Anekdotenabend Karl Oesterle und Rudi Dölfel haben den Nerv der Dettinger getroffen. Sie ließen die Gasthausgeschichte des Orts wieder aufleben. Von Iris Häfner

Bahnhof Dettingen - Geschichtsverein und Landfrauenverein - Gasthausgeschichten mit Karl Oesterle und Rudi Dölfel
Bahnhof Dettingen - Geschichtsverein und Landfrauenverein - Gasthausgeschichten mit Karl Oesterle und Rudi Dölfel. Foto: Jean-Luc Jacques
Bahnhof Dettingen - Geschichtsverein und Landfrauenverein - Gasthausgeschichten mit Karl Oesterle und Rudi Dölfel
Bahnhof Dettingen - Geschichtsverein und Landfrauenverein - Gasthausgeschichten mit Karl Oesterle und Rudi Dölfel. Foto: Jean-Luc Jacques

Das Interesse ist riesig gewesen, der Vereinsraum der Dettinger Landfrauen im historischen Bahnhofsgebäude schien aus allen Nähten zu platzen. Die zahlreichen Gäste interessierten sich brennend dafür, was Karl Oesterle und Rudi Dölfel über die Dettinger Gasthausgeschichte wissen - und welche unbekannten Anekdoten insbesondere Karl Oesterle zum Besten geben würde. Das Duo hatte bereits vor zehn Jahren das Buch „Dettinger Gasthausgeschichte - Von anno dazumal bis heute“ zusammengestellt. An diesem Abend standen 17 Gasthäuser im Fokus.
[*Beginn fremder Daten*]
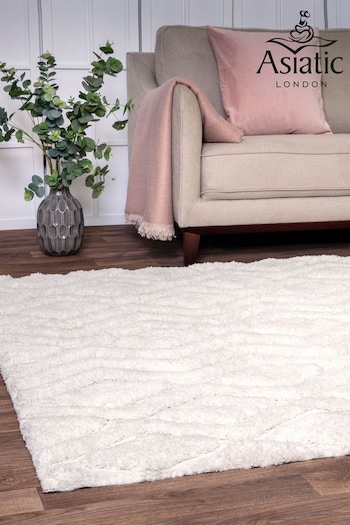 Asiatic Rugs White Harrison High Low Shaggy Tufted Rug (D19145) | £184 - £522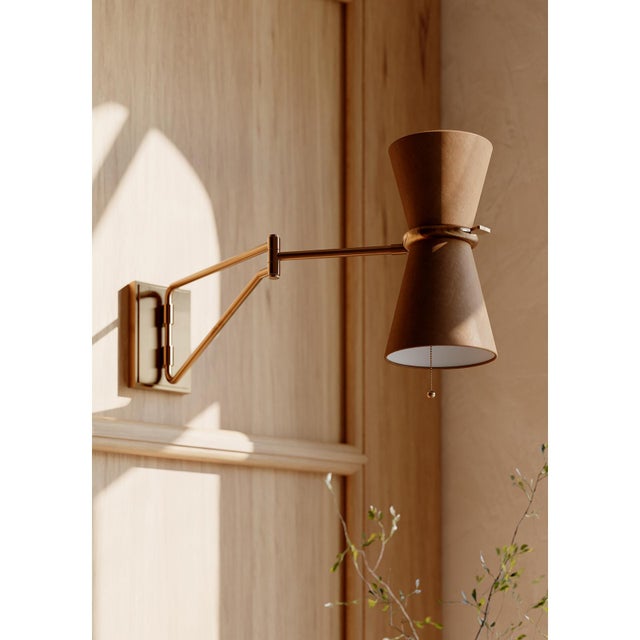 Mid-Century Modern Gable Swing Arm Sconce, Antique Natural Brass with Russet Shade For Sale - Image 3 of 8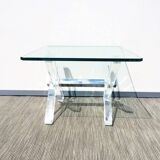 Table basse carrée ' Tréteaux ' . Plexi & verre. Vintage 80s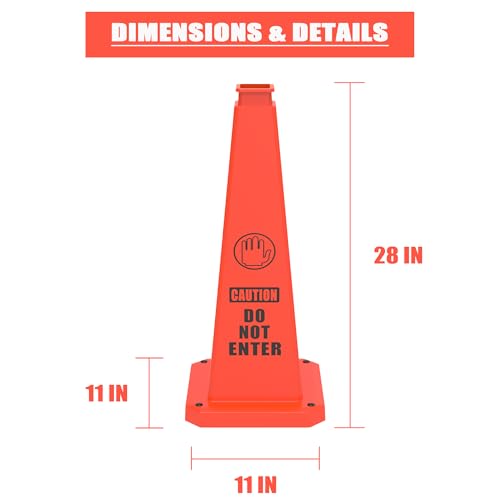 28" Orange "Do Not Enter" Safety Cones 6-Pack with Base - color: Orange, size: 28"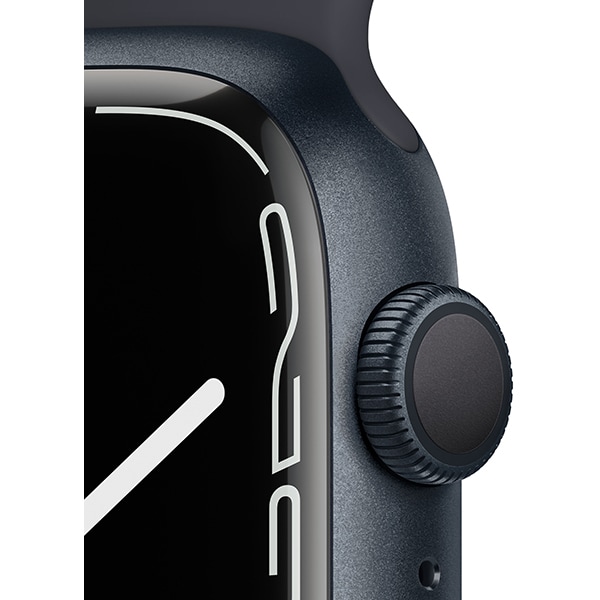 APPLE Watch Series 7, GPS, 45mm Midnight Aluminium Case, Midnight Sport Band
Der Vereinsraum der Landfrauen erinnerte deshalb nicht von ungefähr an den Saal einer schwäbischen Wirtschaft. An zwei langen Tischreihen konnten die Gäste Platz nehmen und sich ein üppiges Vesper schmecken lassen. Mitveranstalter war auch der Geschichtsverein Dettingen. „Die Geschichte der Gasthäuser hat viel mit Heimat zu tun - in ihnen ist ein großes Stück Heimat verankert. In gewisser Weise ist das Buch auch ein Vermächtnis“, sagte Rudi Dölfel. Ihm und Karl Oesterle ist es ein großes Bedürfnis, die Erinnerung daran wachzuhalten. Sie konnten sich vor Anfragen für den Vortragsabend nicht retten, viele sind auf der Warteliste gelandet.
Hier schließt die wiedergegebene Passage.